From Texas Standard.
Tulia is an agricultural hamlet of 5,000 souls in the middle of the Texas Panhandle, just under an hour south of Amarillo. It’s where 18-year-old Tawnee Flowers grew up and went to high school.
I meet her at her parents’ house, where a metal boot brush sits beside the door, spelling TAWNEE in wrought iron. Last year, she started classes at South Plains College in Levelland, and it’s been an adjustment.
“I’ve never had homework,” she tells me, sitting at her mom’s kitchen table. “I’ve never had to, like, sit down and actually focus for two or three hours like I do now in college.”
She’s studying radiology at South Plains, but she says the math classes are killing her – and Tawnee isn’t someone who’s afraid of hard work. Every weekend, she drives 100 miles home from Levelland for a job at her hometown YMCA, earning cash to keep herself fed during the school week. On top of the commuting and all the studying, Tawnee is facing internal struggles. She’s frustrated her high school in Tulia didn’t prepare her for college-level math.
“I feel like I’ve been cheated,” she says. “I feel like the teachers that taught me didn’t try their very best to prepare me for college because everything is a lot different than I anticipated.”
It’s a complaint echoed frequently by college students from rural areas. Across the U.S., rural students don’t attend college as often as their suburban and urban counterparts. And when they do go to college, they’re less likely to graduate. One reason: many students don’t feel academically prepared for college, which may be one reason some higher education institutions in rural parts of the state have retention rates half those of big schools like UT-Austin and Texas A&M.
At A&M, half of students graduate within four years. But at Sul Ross State University in the Big Bend town of Alpine, only 13 percent of students graduate within that timeframe. The four-year completion rate is a little better, 20-percent, at another rural university, West Texas A&M, located in the salt-of-the-earth Panhandle college town of Canyon. There, I meet with another former rural high schooler, Allison Ries, now director of advising services at West Texas A&M. Ries hails from Crosbyton, population 1,700, and she understands the students’ struggles.
“We often see students who do come from rural areas needing developmental courses,” she says. “It’s not necessarily that they’re not capable of fulfilling the content, it’s that there’s definitely a gap in their foundation.”
Ries says, for this reason, many rural students decide to forego college or leave soon after arriving. In west Texas, the academic problem can be exacerbated by the wide-open spaces. Out here, some students have to travel as far as 140 miles to reach the nearest university, and that can make quitting school easier when the going gets tough.

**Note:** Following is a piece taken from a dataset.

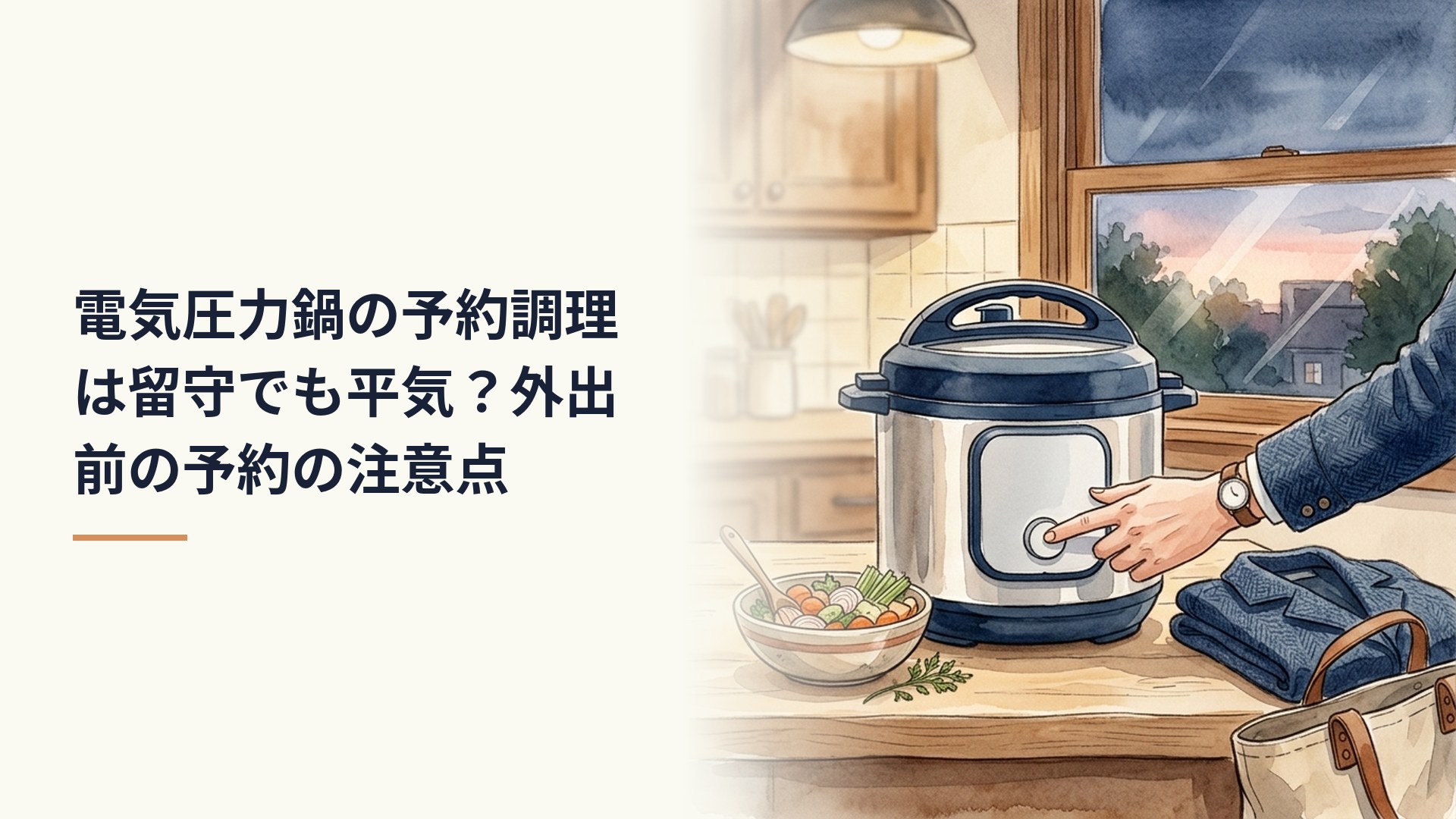 外出前に電気圧力鍋の予約ボタンを押す手元。台にはカットした野菜のボウルと、たたんだ上着とトートバッグ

So, what can be done? South Plains student Tawnee Flowers says she’d start in rural high schools. “Really bring in better teachers, or teachers that want to help the kids learn.” Tawnee’s solution essentially comes down to funding.
Dr. Don Rogers, executive director of the Texas Rural Education Association, agrees.
“Whatever we do, it’s probably gonna cost more money,” he says. One issue, according to Rogers, is that the state has shut down statewide math and reading academies, and that has hurt rural students. “Those special programs, particularly reading, are just critical.”
West Texas A&M president Walter Wendler concurs that the problem is largely one of funding. And while he can’t get rural schools more money, Wendler tells me his university may have hit on a solution of sorts to the Panhandle education issue. Next year, West Texas A&M plans to begin offering a doctoral program specifically designed to create graduates who can reinvigorate rural schools.
“It’s an applied doctorate,” he tells me, “and it is focused on leadership and management of small school systems, like the many, many school systems that exist in the Texas Panhandle.”
Wendler says he hopes the Doctor of Education program will eventually translate into more west Texas students being prepared for college, so they can thrive in school – and in life.
“Those kids have aspirations, just as if they lived in The Woodlands or River Oaks or Tarrytown in Austin or the West End in Dallas.”
Wendler said he hopes that soon, students in rural west Texas will have access to an education good enough to match their dreams.
That’s a big hope. But at least, says Wendler, this is a start.